Go back to Resource Center

Does allograft failure impact school attendance in children? A NAPRTCS study.

2012 Apr

Journal Article

Authors:
Chen, A.; Martz, K.; Rao, P.

Secondary:
Nephrol Dial Transplant

Volume:
27

Pagination:
1682-5

Issue:
4

PMID:
21810763

DOI:
10.1093/ndt/gfr438

Keywords:
Absenteeism; Adolescent; Adult; Child; Child, Preschool; Female; Follow-Up Studies; Humans; Kidney Failure, Chronic; kidney transplantation; Male; prognosis; quality of life; Registries; Renal Dialysis; Risk Factors; Transplantation, Homologous

Abstract:
BACKGROUND: Studies show that adult dialysis patients with allograft failure have increased mortality and morbidity on dialysis compared to transplant naïve patients. We previously showed comparable mortality risk in pediatric dialysis patients after allograft failure compared to transplant naïve patients; the impact on morbidity is less clear. Specifically, the effect of allograft failure on school attendance in pediatric patients has not previously been studied.METHODS: Using the North American Pediatric Renal Trials and Collaborative Studies database, we compared school attendance between transplant naïve and allograft failure patients from 1 January 1992 to 31 December 2007. School attendance was compared between the two groups at 6 and 12 months after dialysis initiation using a chi-square test.

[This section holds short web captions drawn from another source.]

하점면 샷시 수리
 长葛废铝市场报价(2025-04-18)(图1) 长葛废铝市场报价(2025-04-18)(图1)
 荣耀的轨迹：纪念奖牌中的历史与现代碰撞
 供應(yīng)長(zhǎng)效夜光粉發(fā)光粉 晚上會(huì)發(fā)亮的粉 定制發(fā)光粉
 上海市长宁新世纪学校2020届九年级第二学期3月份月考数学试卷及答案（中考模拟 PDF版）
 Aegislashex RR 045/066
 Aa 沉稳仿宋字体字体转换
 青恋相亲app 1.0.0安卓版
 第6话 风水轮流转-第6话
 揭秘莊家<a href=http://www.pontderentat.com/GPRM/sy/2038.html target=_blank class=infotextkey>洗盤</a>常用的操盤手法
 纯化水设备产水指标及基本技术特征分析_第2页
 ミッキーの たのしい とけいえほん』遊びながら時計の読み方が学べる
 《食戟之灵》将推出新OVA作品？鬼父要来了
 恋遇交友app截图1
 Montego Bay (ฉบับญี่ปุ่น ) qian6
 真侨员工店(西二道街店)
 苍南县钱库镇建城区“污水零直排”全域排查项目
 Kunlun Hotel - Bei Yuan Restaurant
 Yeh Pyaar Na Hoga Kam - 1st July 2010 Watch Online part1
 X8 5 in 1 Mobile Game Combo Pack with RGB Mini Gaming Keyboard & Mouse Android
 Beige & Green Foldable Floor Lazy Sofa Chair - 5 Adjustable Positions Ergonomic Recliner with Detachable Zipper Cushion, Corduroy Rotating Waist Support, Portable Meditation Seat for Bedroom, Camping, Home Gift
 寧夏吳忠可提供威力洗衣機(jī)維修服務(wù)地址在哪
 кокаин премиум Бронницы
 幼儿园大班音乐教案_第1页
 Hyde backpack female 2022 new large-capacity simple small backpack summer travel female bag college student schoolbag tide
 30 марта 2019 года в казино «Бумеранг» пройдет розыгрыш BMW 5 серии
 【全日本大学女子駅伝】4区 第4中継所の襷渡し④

Factors which can potentially impact on school attendance data were evaluated using a multivariate logistic regression analysis.RESULTS: There were 2783 patients who had a follow-up at least 6 months after dialysis initiation and were capable of attending school during the study period. Patients were categorized by transplant history: previous allograft failure (n=576) and transplant naïve (n=2207). At 6 months, full-time school attendance was 67.2% in the allograft failure group and 72.3% in the transplant naïve group (P=0.0164). At 12 months, attendance was 68.6% in the allograft failure group and 72.5% in the transplant naïve group (P=0.103). After covariate adjustment, transplant failure did not impact school attendance at either 6 or 12 months follow-up [hazard ratio (HR) 1.12, confidence interval (CI) 0.91-1.39; HR 0.99, CI 0.78-1.27, respectively].CONCLUSIONS: Children with failed allografts who return to dialysis have comparable school attendance compared to their transplant naïve dialysis counterparts. These results suggest that transplant failure is not an adverse prognostic factor for quality of life as measured by full-time school attendance.